The Olympic efforts of Athens crippled Greek finances but at the same time put the ancient city on the map as a modern European capital with sports facilities to match anywhere in the world.

Its August extravaganza -- for years a cause for concern for Olympic chiefs -- proved a heartwarming success.

Luxembourg's Anne Kremer prepares to serve during practice for the Olympic tennis tournament in Athens, August 12, 2004.Starting with a doping controversy and ending with a stripped gold medal, the Athens Games were not just a test of Olympic ability, they were also a test of the Olympian ideals.

It was not what the Greek organisers had planned but, rather than tainting the Games, Olympic president Jacques Rogge's hardline stance against drug cheats marked the Athens Games as a watershed in the fight against doping in sport.

Before the athletics had even begun, two of its potential heroes had disappeared in a cloud of shame.

The withdrawals of Greek 200 metres Sydney Olympics champion Costas Kenteris and his training partner 100 metres sprinter Katerina Thanou cast a shadow over the first week of the Games.

The pair pulled out after an unseemly cat-and-mouse episode with officials after they missed a drugs test in mysterious circumstances the day before the opening ceremony.


Prior to these Games, the last track and field gold medallist to have been stripped of glory was 100 metres sprinter Ben Johnson in Seoul in 1988. Never before had two track and field golds been taken away.

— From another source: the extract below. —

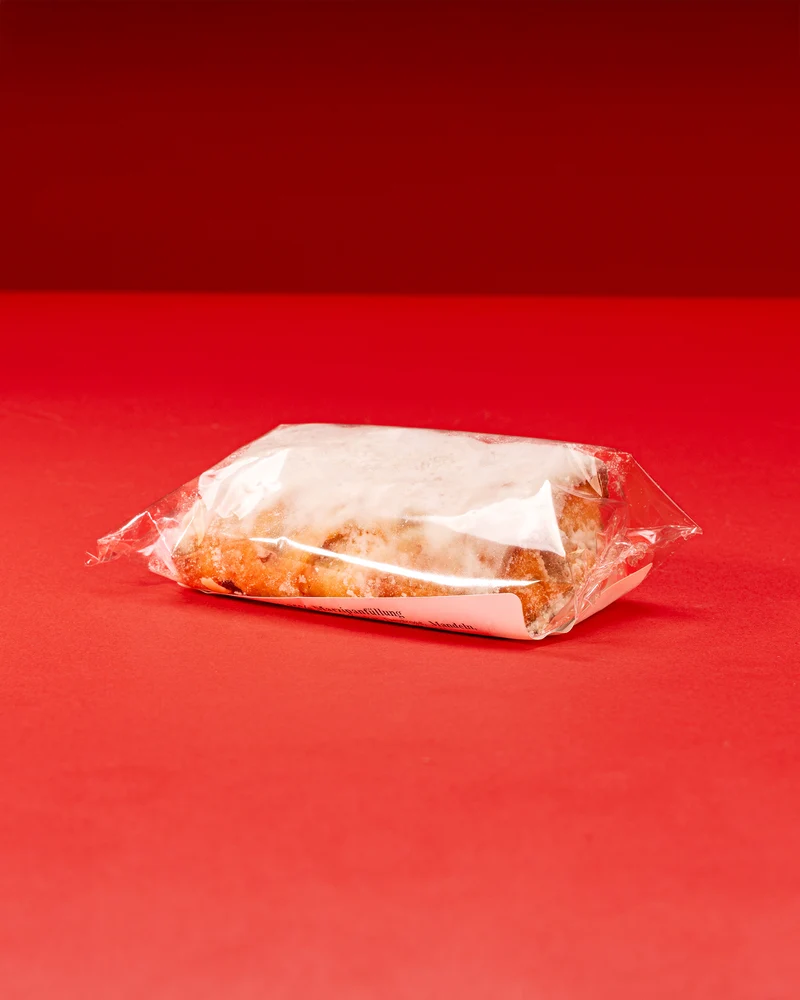 Mini Christstollen mit Marzipanfüllung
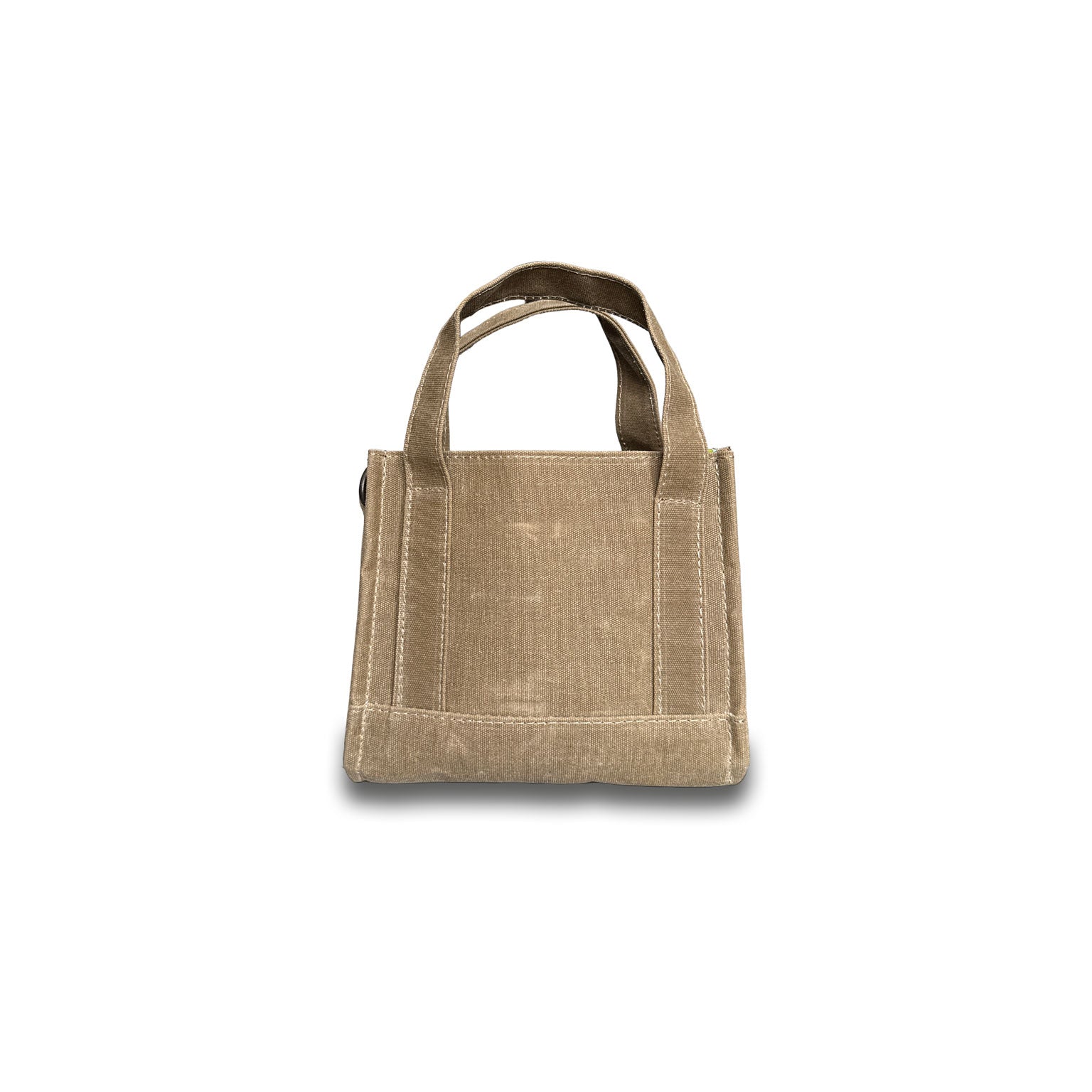 Küçük Boy Karamel Tote Çanta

In Athens, the count was three -- Irina Korzhanenko's shot put gold for testing for stanozolol, the crude steroid Johnson had used 16 years earlier, and the gold medals of Hungarian discus thrower Robert Fazekas and compatriot hammer thrower Adrian Annus for refusing to give urine samples.

Despite recording more than double the previous number of doping violations at a Summer Games, the Athens Olympics proved a roaring success everywhere except on the balance sheet.

The cost of staging them had spiralled in recent years after the Greeks had wasted three years of preparations and rushed to complete dozens of projects only weeks before the start.

The total cost shot up to more than 8.0 billion euros from an initial estimate of some 3.5 billion.

For that 8.0 billion euros, Athens has a shiny new metro system and, more importantly, a well-earned reputation as a slick, can-do city.

As the curtain came down on the Athens Games, trouble was looming on the horizon for the hosts of the 2006 Turin Winter Olympics.

At the International Olympic Committee's (IOC) most recent meeting in Lausanne, Turin Games chief Valentino Castellani reported an "imbalance" of 185 million euros in the budget.

Ninety million euros which the organisers had expected in the form of sponsorship from largely state-owned companies had failed to materialise, Castellani said, while 40 million euros had been added to the bill due to inflation and extra costs.

The remaining 55 million euros in the imbalance was a contingency fund. Castellani said he was confident the imbalance would not prove to be a problem.


Added to this headache is the fact that organisers may be forced to build temporary housing in the mountains unless they can persuade owners of second homes to give them up for the Games.

"We have a shortfall of around 500 to 1,000 rooms we will need mainly for the workforce. If we can't find enough, then we will have to build," Castellani said.

A projected shortage of hotel rooms was also exercising the minds of organisers of the 2008 Summer Games in Beijing, where officials also face the problem of cleaning up air quality. IOC inspectors visited in October and reported that progress on Beijing's venues was on track.

The battle to stage the 2012 Summer Games has heated up -- so much so that Rogge was forced to call for an end to "bickering" between the candidate cities.

"I would ask them -- with no exception -- to focus on their own bid, stop looking at what the others are doing and stop bickering and accusing each other," a stern Rogge said.

"I'm not happy about the atmosphere and I'd call on the five to behave with respect for each other, fair play and to have a more constructive attitude."

London, Paris, Madrid, New York and Moscow remain in the race for the Games, with the decision due next July.

The head of the Bulgarian National Olympic Committee, 64-year-old Ivan Slavkov, was suspended from the IOC in August after being implicated in an undercover BBC investigation into alleged corruption in the bid city process.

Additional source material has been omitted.